__RECORDS FOR PROCESSING__
-- Opening Marker --

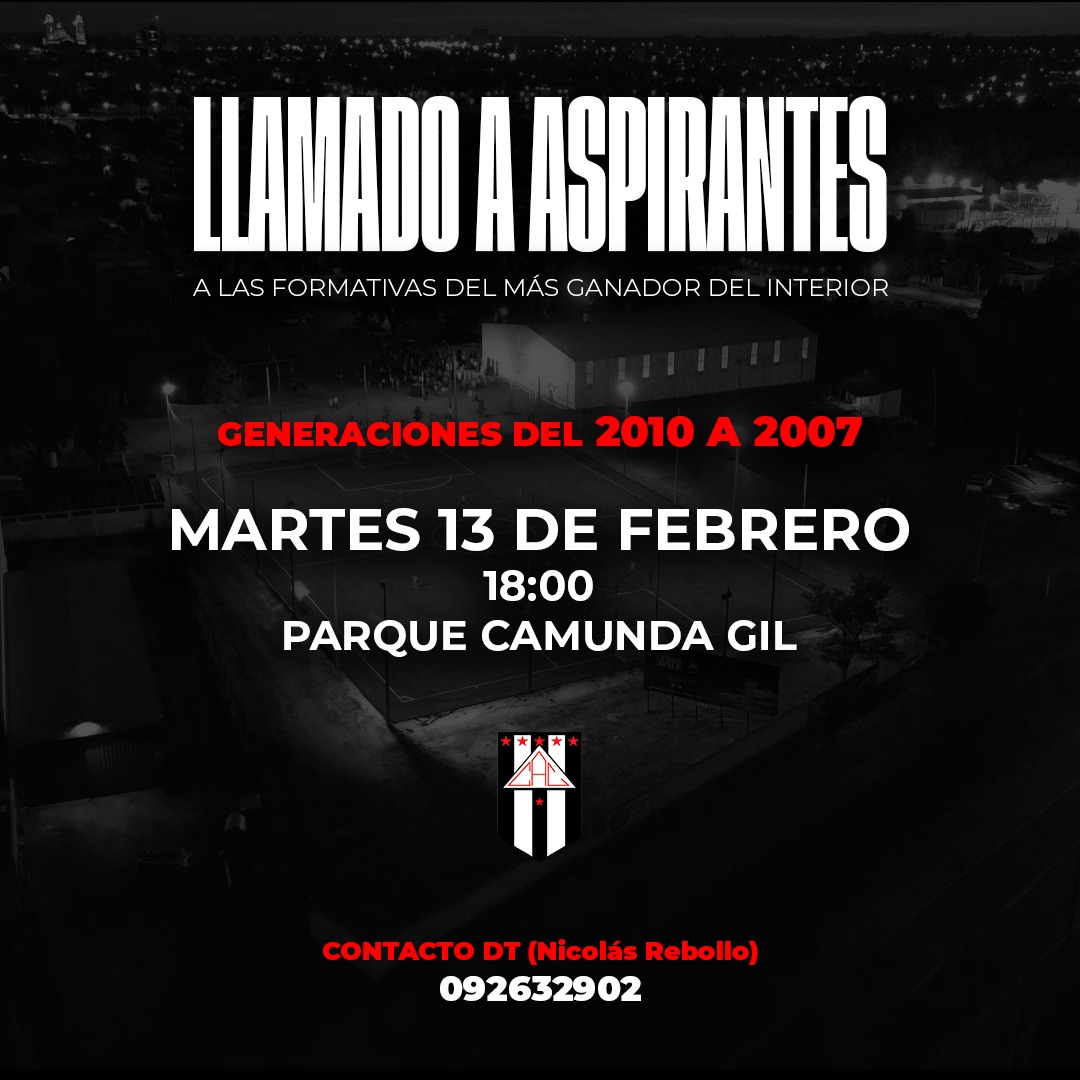 ¡VENÍ A SER PARTE! ⚫️⚪️

Te invitamos a sumarte a los planteles de formativas para esta nueva temporada.

📞Contáctate con el DT para más información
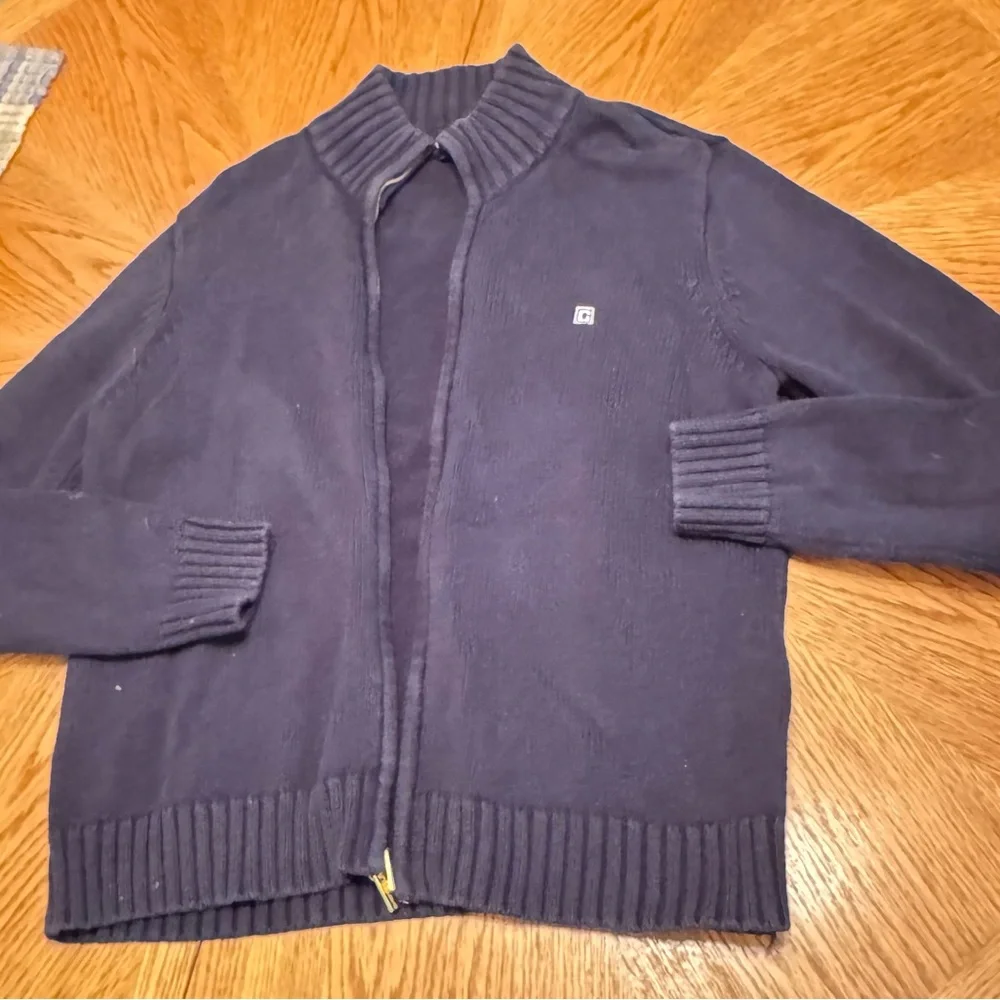 Chaps Men's Navy Blue Zip up Sweater Top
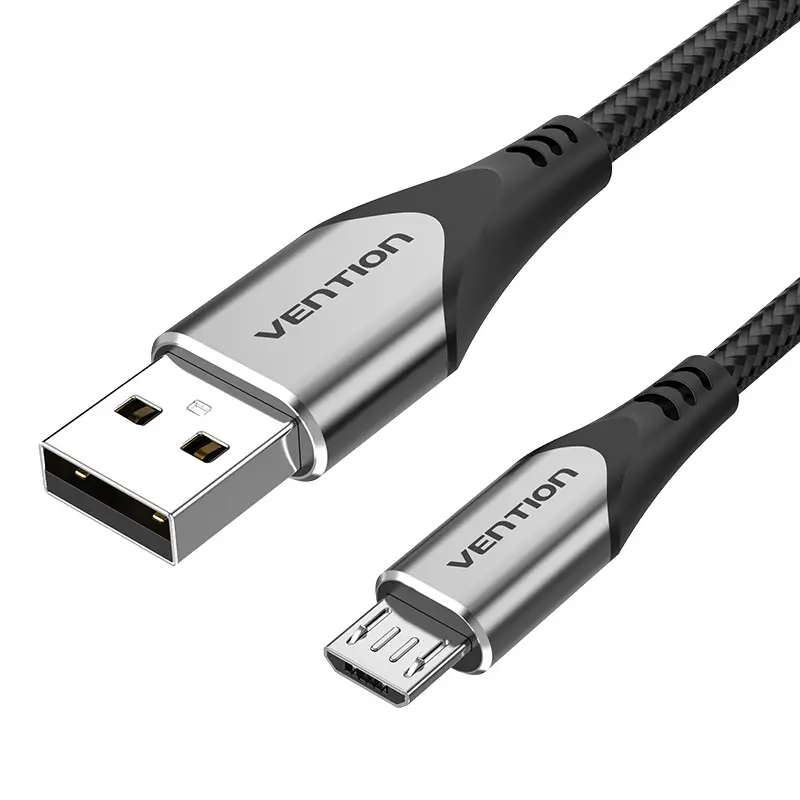 Vention Cable USB 2.0 Macho a MicroUSB Macho 60W 480Mbps - 1.5m - Color Gris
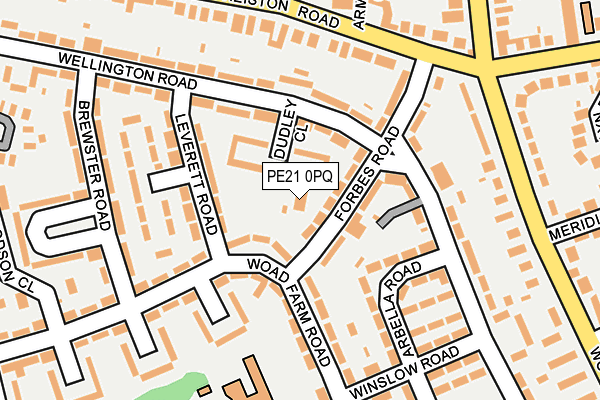 PE21 0PQ map - OS OpenMap – Local (Ordnance Survey)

-- Closing Marker --

__TASK ITEM__
Set down the whole listing word for word, omitting the pictures.

__EXERCISE RESULT__
 ¡VENÍ A SER PARTE! ⚫️⚪️

Te invitamos a sumarte a los planteles de formativas para esta nueva temporada.

📞Contáctate con el DT para más información
 Chaps Men's Navy Blue Zip up Sweater Top
 Vention Cable USB 2.0 Macho a MicroUSB Macho 60W 480Mbps - 1.5m - Color Gris
 PE21 0PQ map - OS OpenMap – Local (Ordnance Survey)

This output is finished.